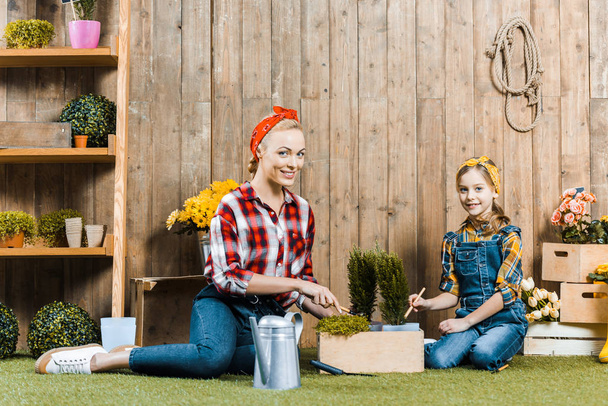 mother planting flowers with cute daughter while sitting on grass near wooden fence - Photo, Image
* * *
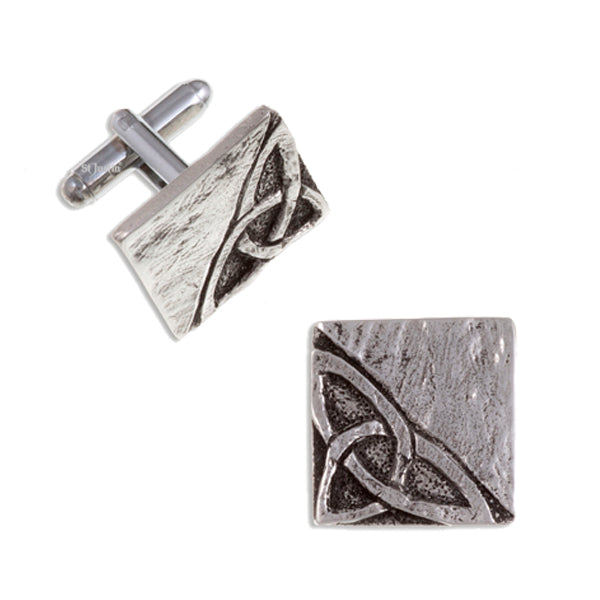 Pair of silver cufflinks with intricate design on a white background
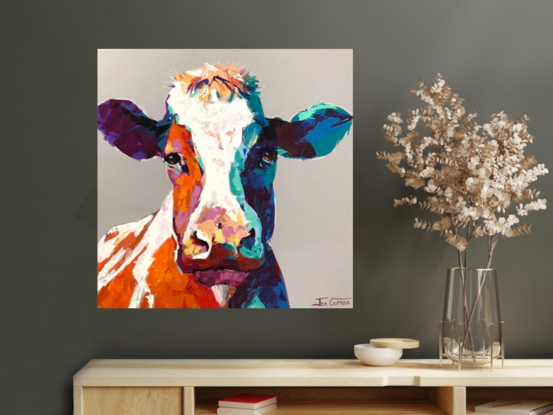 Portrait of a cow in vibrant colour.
* * *
*AIM OF THE EXERCISE:* Copy only what lies between the line with "Pair of silver" and the line with "Portrait of a cow in vibrant colour.", those two lines included, exactly as given above; pictures stay out.

*SOLUTION FOR THIS PROBLEM:*
 Pair of silver cufflinks with intricate design on a white background
 Portrait of a cow in vibrant colour.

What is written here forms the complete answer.